There are moments in class when something shifts.
Not dramatically. Not suddenly. But you can feel it. The room becomes quieter. Shoulders drop. Breath deepens. And it doesn't happen because everyone is trying harder. It happens because we are chanting together.
I have been watching this for over 15 years. And science is beginning to catch up with what we have long felt in our bodies.
What happens in your body when you chant a mantra?
Chanting is not a spiritual add-on. It is a physical process with a direct effect on your nervous system.
When you chant a mantra, your breath naturally slows down. Long exhales activate the parasympathetic nervous system, the part responsible for rest, recovery, and regeneration. The same state we reach after a good night's sleep or a long walk in nature.
At the same time, vibration is created. In the chest. In the palate. In the skull. This vibration stimulates the vagus nerve, one of the most important nerves in the body, regulating the heart, lungs, and digestion, and directly connected to our stress response. When we chant, we are not just making sound. We are speaking directly to the nervous system.
And then there is the repetition. Repeating a mantra gives the mind something to hold onto. Thoughts circle less.
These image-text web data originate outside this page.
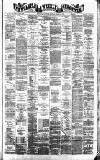 Newcastle Chronicle Saturday 21 March 1885 Page 1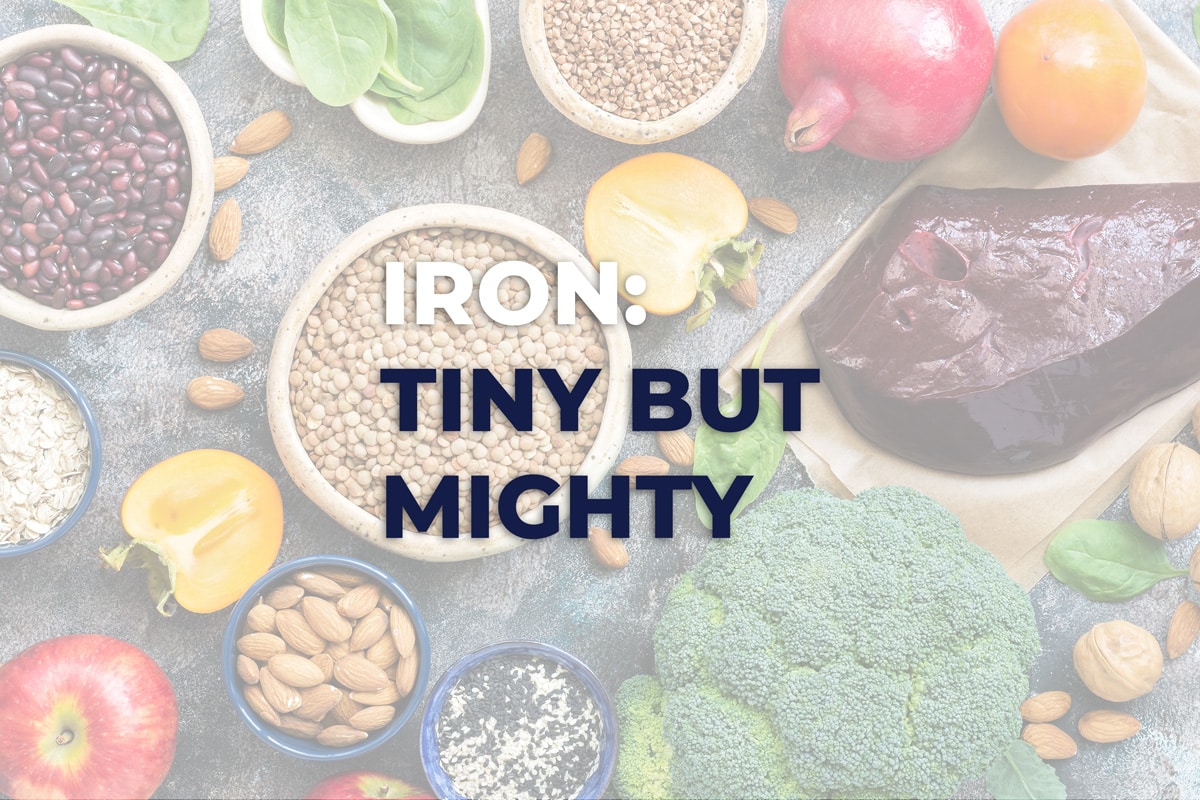 Iron: Tiny But Mighty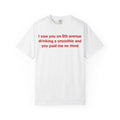 I Saw You on 8th Avenue Drinking a Smoothie and You Paid Me No Mind Tee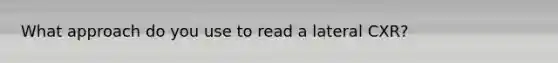What approach do you use to read a lateral CXR?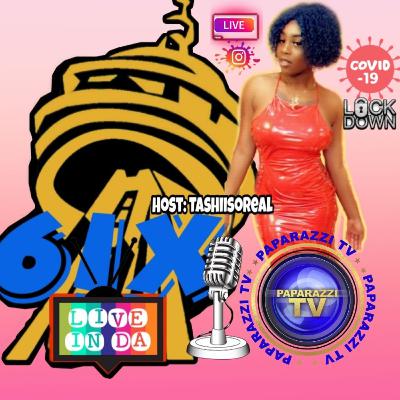 LIVEINDA6IX IG TALK/INTERVIEW 🔥 💺 WITH PAPARAZZI TV your HOST TASHIISOREAL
Attention returns again and again. Not through willpower, but through sound.
In short:
Breath slows down and the nervous system settles
Vibration activates the vagus nerve and stress releases
Repetition anchors the mind and thoughts grow quieter
Chanting together creates connection and you feel less alone
Does mantra actually require belief?
This is perhaps what I hear most often: "I feel strange doing it. I don't really believe in it."
And I always say: it doesn't need belief. Only willingness.
The breath slows whether you believe it or not. The vibration happens whether you are convinced or not. The body responds to sound. That is physiology, not faith.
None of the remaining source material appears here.